● **WHAT YOU SHOULD DO**
Where the listing below reaches the line containing "a kitchen with", start writing out lines exactly, and stop once the line containing "Camping scene with" has been written.

● **EXTRACTED RECORDS**
____
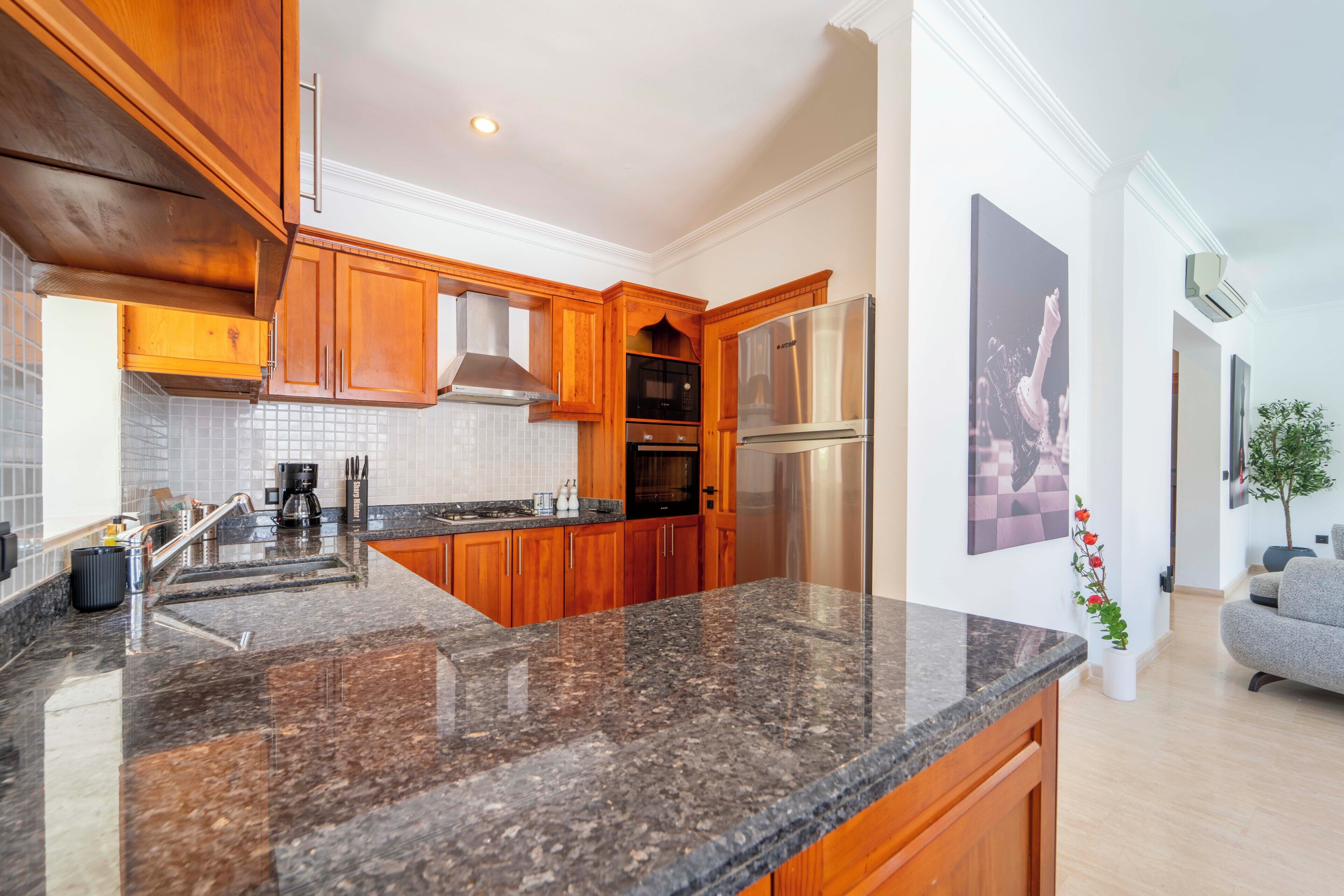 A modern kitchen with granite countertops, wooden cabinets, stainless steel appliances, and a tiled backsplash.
____
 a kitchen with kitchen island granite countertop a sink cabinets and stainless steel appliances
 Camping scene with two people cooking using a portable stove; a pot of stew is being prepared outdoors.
____
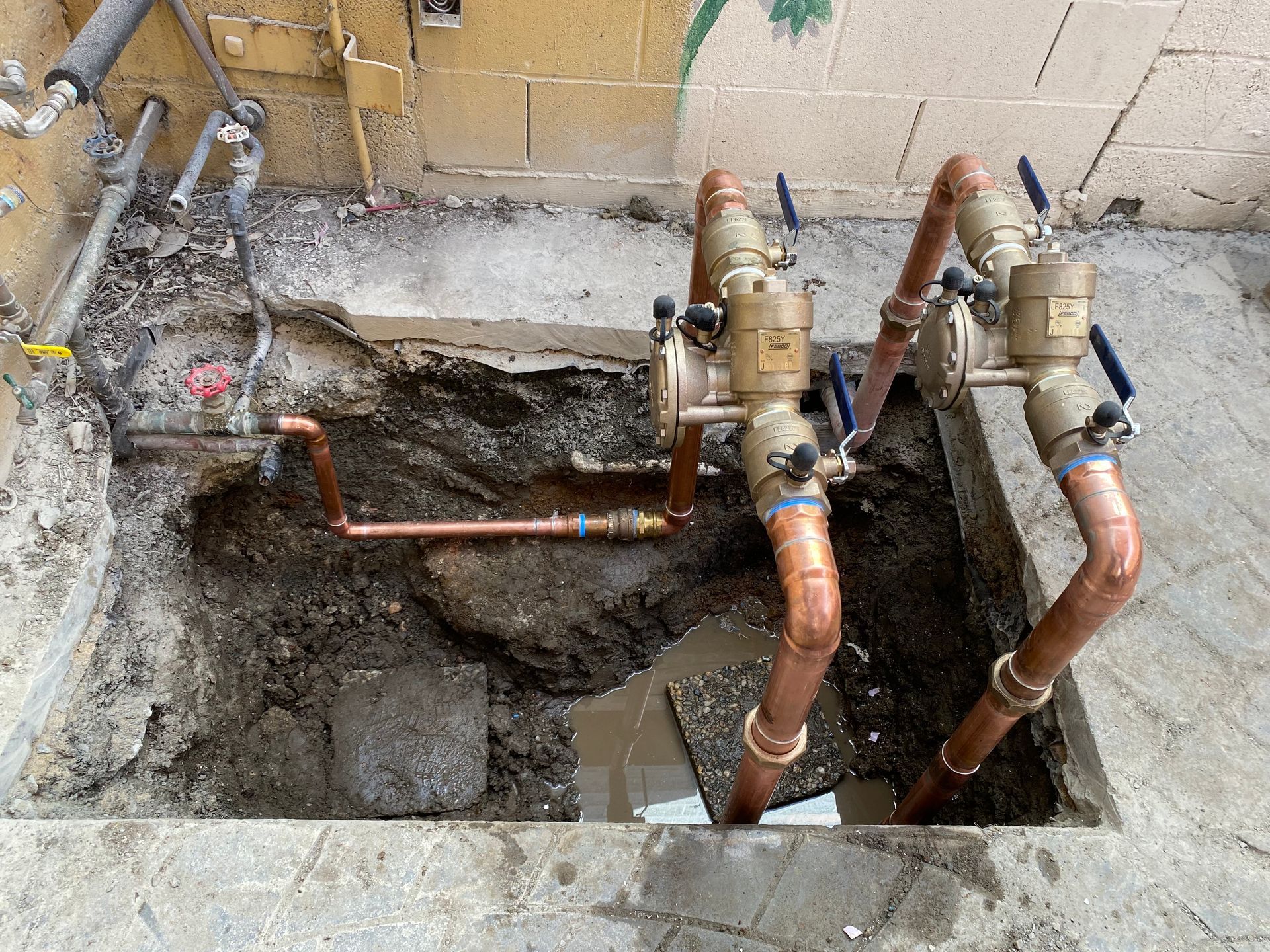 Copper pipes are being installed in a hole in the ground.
____
● **TASK RESPONSE**
 a kitchen with kitchen island granite countertop a sink cabinets and stainless steel appliances
 Camping scene with two people cooking using a portable stove; a pot of stew is being prepared outdoors.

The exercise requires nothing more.